In 2011, after Kenyan President Uhuru Kenyatta and William Ruto, his deputy were put on trial, the African Union, in a direct swipe at the ICC, declared immunity for sitting heads of state. Nairobi accused the ICC of being neocolonial and targeting Africans. Charges against Kenyatta and Ruto have since dissipated due to witness recanting or disappearance.

This was the background in which the Arusha ICC Seminar occurred. Here are a few random musings from my attendance:

Most Counsel, including the African lawyers, expressed strong support for the ICC and a universal, independent legal institution to prosecute individual crimes of responsibility committed in leadership capacity. A small minority, that one suspected might be politically connected to governing regimes in their home countries, led the criticism.

There was discussion of the Malabo Protocol that contains an extensive and ambitious list of crimes. It establishes the African Court of Justice and Human Rights and to extend the jurisdiction of the court to try 14 different crimes: the four crimes contemplated under the jurisdiction of the ICC and also crimes such as corruption, trafficking in drugs or persons, terrorism, mercenarism, and unconstitutional change of government. Thus far, there are only five ratifications of the Protocol.

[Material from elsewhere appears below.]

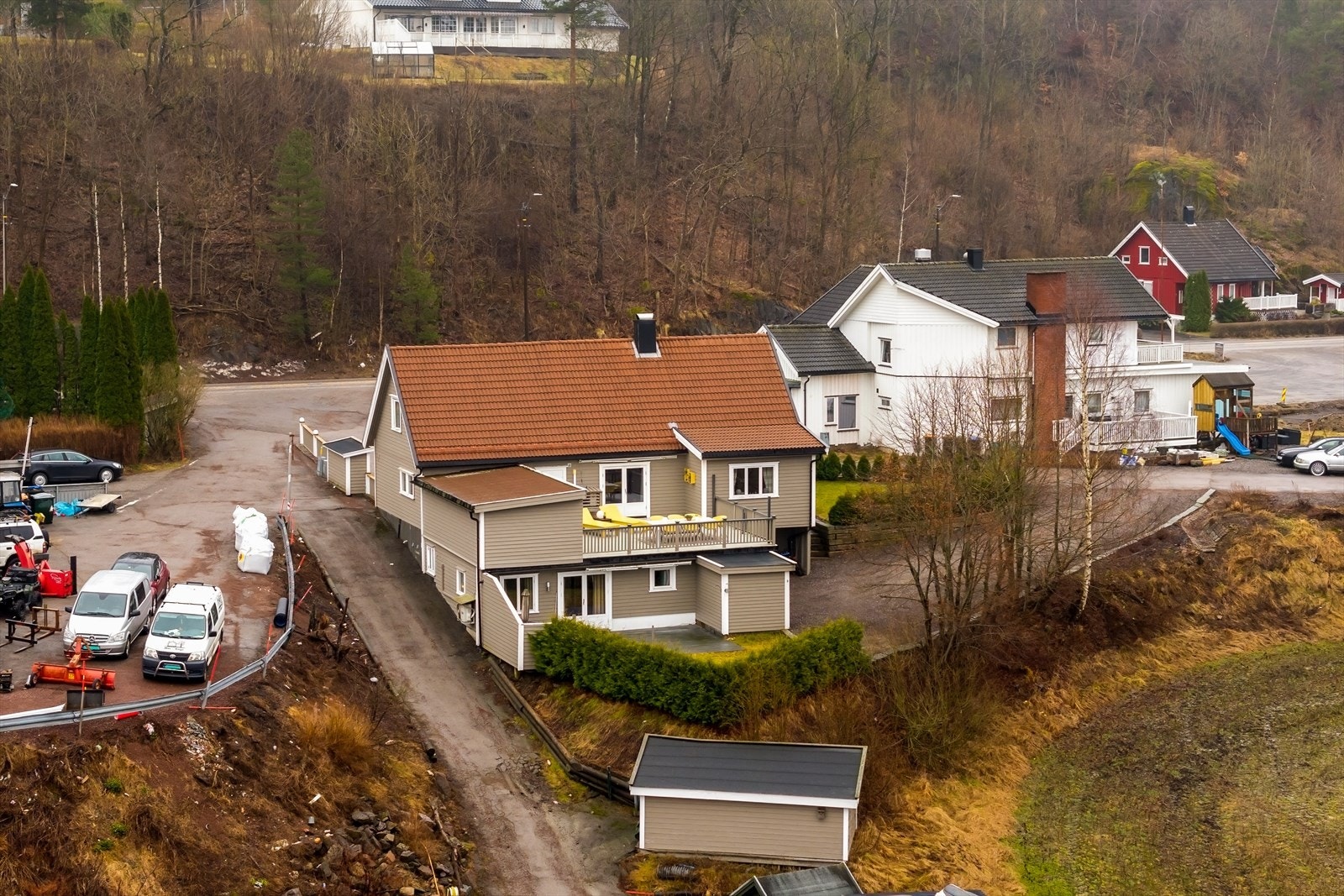 Eiendommen ligger i et etablert og rolig område. Galleribilde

The ICC statute is predicated on a core principle of Complementarity, recognizing that individual states have primary responsibility for prosecuting mass crimes of violence, including the crimes under the jurisdiction of the ICC. It is only if a state is unable or unwilling to investigate or prosecute, that the ICC will accept jurisdiction and prosecute. Accordingly, the Malabo Protocol need not necessarily be viewed as undermining the ICC, so much as consistent with the principle of Complimentarity.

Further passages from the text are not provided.